Over the past 20 years Fowler has worked on numerous projects. Asked about his most challenging job, he replied: “everything is challenge.” But then he went on to say it was probably the dredging of Hamilton Harbour in 1996.

“I worked seven months straight, 12 hours a day, six days a week.”

Asked a follow up question on how he could maintain that rigorous work schedule, he says: “I don’t know. It’s just my nature. I love to work, but not everyone could do that.”
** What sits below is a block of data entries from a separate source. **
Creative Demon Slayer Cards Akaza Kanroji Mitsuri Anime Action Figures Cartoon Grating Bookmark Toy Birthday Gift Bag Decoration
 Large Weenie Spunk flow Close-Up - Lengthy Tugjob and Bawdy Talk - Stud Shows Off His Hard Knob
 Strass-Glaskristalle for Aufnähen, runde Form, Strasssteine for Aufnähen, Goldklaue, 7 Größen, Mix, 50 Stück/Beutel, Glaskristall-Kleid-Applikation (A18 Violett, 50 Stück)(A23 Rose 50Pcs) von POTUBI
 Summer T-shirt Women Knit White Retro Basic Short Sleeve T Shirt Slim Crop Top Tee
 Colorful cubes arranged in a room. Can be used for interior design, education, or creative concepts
A crane operator has to be physically fit, have good hand-to-eye movement, steady nerves and be willing to adapt to changes on the job, he says.

The most significant change he has seen during his two decades as an operator is the increased use of computerized cranes. Fowler says he mastered that adjustment by reading the manuals thoroughly.

At the same time old technologies shouldn’t be forgotten, he says.

“There are still a lot older cranes around and some of the newer guys can’t operate them.”

Fowler is a widower — his wife died of cancer of 10 years ago — with a grown daughter. An avid motorcyclist, he has two Harley motorcycles which he will be pulling on a trailer during a number of long trips he has scheduled for his retirement. A constant passenger on those trips will be his pet dog.

Despite the accolades from his employers, Fowler says there will be no regrets on his last day of work.

“I will be starting a new chapter in my life.”